Para o antropólogo Fábio Ribeiro, coordenador executivo do Observatório de Povos Indígenas Isolados, o atraso na confirmação expõe essas comunidades a maiores riscos. “Existe um passivo gigantesco em relação ao reconhecimento da existência desses povos”, afirma. A confirmação oficial é a etapa que autoriza medidas como instalação de postos de vigilância, sobrevoos de monitoramento e presença permanente de equipes da Funai e da Secretaria de Saúde Indígena (Sesai).
O coordenador-geral de Povos Isolados da Funai, Marco Aurélio Milken Costa, admite a defasagem, mas sustenta que parte dos grupos ainda não confirmados já se encontra em áreas legalmente protegidas, como terras indígenas, unidades de conservação ou zonas de restrição de uso. Segundo ele, “quando há indícios de empreendimento que possa afetar esses territórios, o registro existente já assegura um nível adequado de proteção”.
A maior concentração de povos isolados está no Vale do Javari, região amazônica que ganhou repercussão internacional após o assassinato do indigenista Bruno Pereira e do jornalista britânico Dom Phillips em 2022. Apesar disso, Ribeiro ressalta que os grupos mais expostos à ameaça não estão necessariamente nessa área contínua de floresta, mas no chamado Arco do Desmatamento, onde a vegetação foi fragmentada por estradas, garimpo, fazendas e concessões florestais.
Um exemplo é o território Ituna-Itatá, no Pará. Mesmo sob restrição de uso, a área registrou intensa invasão entre 2016 e 2019, tornando-se a terra indígena mais desmatada do país, de acordo com relatório da Coordenação das Organizações Indígenas da Amazônia Brasileira (Coiab) e do Observatório. Em 2022, a portaria de proteção só foi renovada após decisão do ministro Edson Fachin, do Supremo Tribunal Federal, determinando a manutenção das restrições em todas as áreas com presença de grupos isolados.
A pressão sobre esses territórios tende a crescer. Levantamento do telejornal Repórter Brasil, da Empresa Brasil de Comunicação (EBC), indica que 80% dos 55 registros de povos indígenas isolados já confirmados ou em estudo estão cercados por pedidos de mineração de minerais críticos, como terras raras. Para Milken, “a intensificação das mudanças climáticas e o avanço das frentes de exploração” ampliarão os desafios.
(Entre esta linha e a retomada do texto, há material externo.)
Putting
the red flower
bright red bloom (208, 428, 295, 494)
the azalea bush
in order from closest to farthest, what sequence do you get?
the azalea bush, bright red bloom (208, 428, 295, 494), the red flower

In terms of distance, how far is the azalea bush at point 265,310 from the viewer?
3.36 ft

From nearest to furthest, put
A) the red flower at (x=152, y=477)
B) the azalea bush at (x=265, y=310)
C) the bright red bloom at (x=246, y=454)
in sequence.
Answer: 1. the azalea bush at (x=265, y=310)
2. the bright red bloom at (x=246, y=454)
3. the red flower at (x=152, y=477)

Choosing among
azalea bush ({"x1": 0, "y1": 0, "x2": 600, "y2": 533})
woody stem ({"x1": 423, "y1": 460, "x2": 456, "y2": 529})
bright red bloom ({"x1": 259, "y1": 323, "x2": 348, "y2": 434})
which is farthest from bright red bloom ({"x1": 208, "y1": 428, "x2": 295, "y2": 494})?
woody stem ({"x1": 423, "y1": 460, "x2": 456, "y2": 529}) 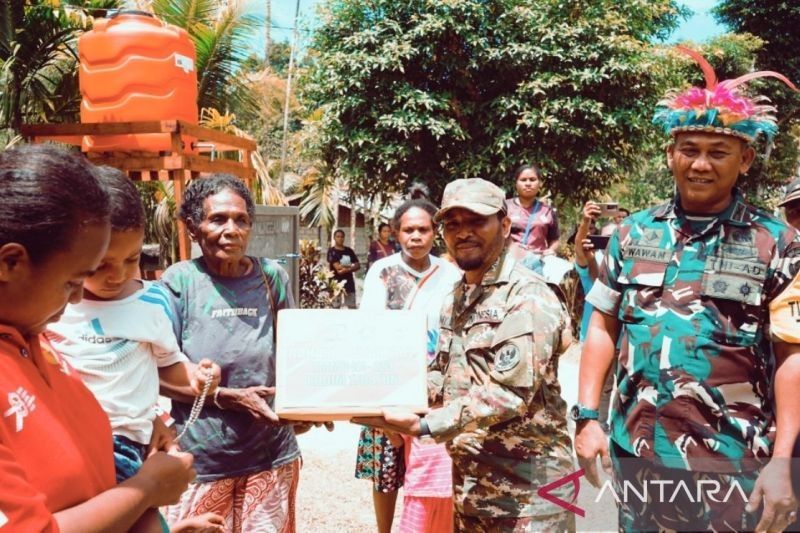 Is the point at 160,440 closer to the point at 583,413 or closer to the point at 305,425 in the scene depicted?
the point at 305,425

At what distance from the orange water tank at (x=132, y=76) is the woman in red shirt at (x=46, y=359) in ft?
13.3

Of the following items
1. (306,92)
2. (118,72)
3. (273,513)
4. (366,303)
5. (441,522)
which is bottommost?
(441,522)

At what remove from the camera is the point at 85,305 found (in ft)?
6.35

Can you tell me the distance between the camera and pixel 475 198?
7.62 feet

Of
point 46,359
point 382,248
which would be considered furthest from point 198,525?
point 382,248

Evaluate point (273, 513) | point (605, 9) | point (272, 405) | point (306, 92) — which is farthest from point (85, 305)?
point (605, 9)

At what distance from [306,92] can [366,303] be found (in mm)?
8311

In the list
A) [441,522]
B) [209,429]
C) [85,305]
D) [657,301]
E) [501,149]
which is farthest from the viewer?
[501,149]

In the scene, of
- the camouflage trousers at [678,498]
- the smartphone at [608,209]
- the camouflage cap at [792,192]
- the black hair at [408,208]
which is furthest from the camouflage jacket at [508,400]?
the smartphone at [608,209]

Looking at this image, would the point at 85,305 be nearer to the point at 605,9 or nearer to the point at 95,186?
the point at 95,186

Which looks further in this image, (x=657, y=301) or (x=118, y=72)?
(x=118, y=72)

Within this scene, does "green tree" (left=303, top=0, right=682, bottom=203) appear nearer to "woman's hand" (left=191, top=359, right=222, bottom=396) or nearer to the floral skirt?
the floral skirt

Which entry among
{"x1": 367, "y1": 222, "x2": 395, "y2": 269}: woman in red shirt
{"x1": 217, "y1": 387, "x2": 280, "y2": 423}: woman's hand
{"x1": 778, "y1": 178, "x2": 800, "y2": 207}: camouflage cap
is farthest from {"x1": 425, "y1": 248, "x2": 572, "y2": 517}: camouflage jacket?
{"x1": 367, "y1": 222, "x2": 395, "y2": 269}: woman in red shirt

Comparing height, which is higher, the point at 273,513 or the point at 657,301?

Além de orçamento, a Funai enfrenta escassez de pessoal especializado. Atualmente, a autarquia mantém 12 frentes de proteção etnoambiental, mas nem todos os servidores têm preparo para atuar em expedições prolongadas na floresta. A instituição abriu processo para contratar mil servidores temporários, a maioria de origem indígena, e ofereceu 502 vagas no Concurso Nacional Unificado de 2024.
O processo de confirmação de um grupo isolado é demorado e requer evidências indiretas, como vestígios de malocas, roças, ferramentas ou pegadas. Segundo Ribeiro, “a carga probatória é assimétrica: exige-se quase uma fotografia com os indígenas para reconhecer o território, enquanto um despacho simples pode liberar a área para empreendimentos”.